At the time, the recordings were of poor quality, and the Passamaquody people had no curatorial agency over the recordings. But now, experts at the Library of Congress are making the audio much clearer and digitally available to the tribe, as well as giving the tribe curatorial rights on whether or not it is available to the public. 

As such, digital repatriation works well with audio files, as there is no physical object involved. However, for physical objects, digital repatriation is limited in that it entails returning digitally-created 3D models of the object, and not the original, which may have sacred meaning to the community it originally belonged to. This point can be overlooked by museums because the sacred aspect of an object is not a function that a museum typically values. Additionally, it may be inappropriate to digitally recreate some items, such as the private sacred items that were returned to the Acoma Pueblo.

Another option for repatriation is returning the original piece and replacing it with a new piece by a contemporary artist. The British Museum has in its collection the Hoa Hakananai’a, a Moai statue from the Rapa Nui people of Easter Island. Representatives of the Rapa Nui have been in discussions with the museum on returning this piece to them, as they argue that it is very spiritually important as an ancestor and thus qualifies as ancestral remains. 

The British Museum leadership maintains that it is important for them to feature art from around the globe. In an article in artnet News, they argue that they must consider, as all museums must, the impact of losing a key piece in their collection that is one of the most popular and most photographed items in their collection, according to a museum spokesperson.  However, an indigenous artist from the island, Benedicto Tuki, has offered to make another statue to replace the one in the museum for free.

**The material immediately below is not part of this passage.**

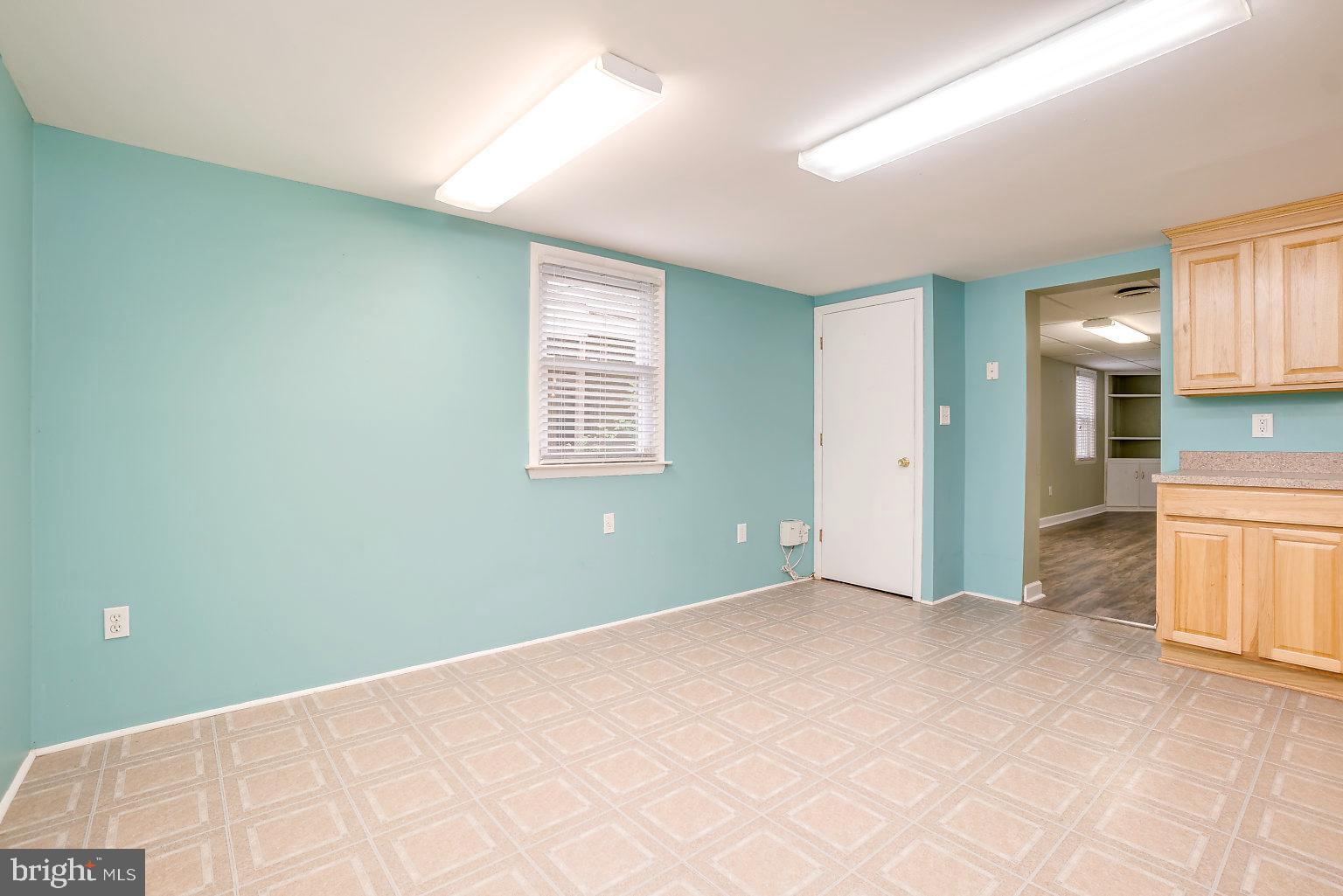 7708 Fairgreen Road Baltimore, MD 21222 - Photo 25 of 44 a view of an empty room with a window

Thus, the museum would still have a piece of the culture to be displayed, but one that is art and not a sacred ancestor. 

Naturally, replacing old, sacred objects with contemporary art is not always an option, but could be a feasible solution for museums to maintain the breadth of their collection while also respecting the communities they are representing and financially supporting contemporary Native artists. However, a major concern is that collections will be greatly reduced in volume and quality if there are no “authentic” pieces left to see.

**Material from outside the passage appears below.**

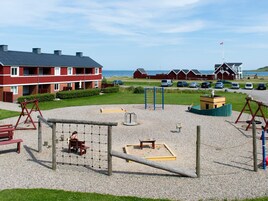 A playground with various play equipment, a bench, and a building with a red facade in the background.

No method of repatriation is perfect — all would likely come with backlash unless there is a reconceptualization of the museum space in which we move away from the ideas that old equals “authentic” and that all objects are meant to be seen by the public. For those looking to see a physical object, contemporary art can be similar to and just as impressive as art made hundreds of years ago. 

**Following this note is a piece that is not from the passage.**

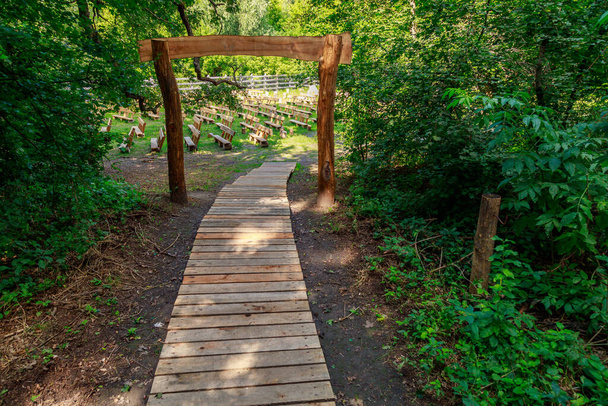 Wooden sidewalk from boards in the park. Background with copy space for text - Photo, Image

If artists are willing to create new art for museums, as is the case with Tuki, the fear of empty museums can be mitigated, especially if visitors accept that those newer pieces are just as worthy of displaying in a museum. Additionally, any concerns that all cultural objects “need to be seen by the public” is disrespectful to the culture it belongs to in some cases. Just because something exists does not mean that the world has a right to see it. Many indigenous cultures, like the Acoma Pueblo, have specific ways of passing down knowledge that should be respected.  

Again, the problem is that the public consciousness, in regards to what is “good enough” for a museum, tends to evaluate worthiness by “originality” and “authenticity.” However, if you were to do some background research on many so-called Western masterpieces, visitors might find that the touch of the conservator is even more visible than that of the original artist. 

Authenticity is as much an illusion as it is a cultural construct. Just because an item is new does not mean that it is not authentic or fails to represent a culture, and in turn, can still be appropriate for a museum. Thus, we must all shift our focus away from the idea that replacing an item means it is a “copy” and simultaneously shift museum culture away from a fascination with old things and the preservation outdated museum practices, and toward the facilitation of cultural respect and active learning.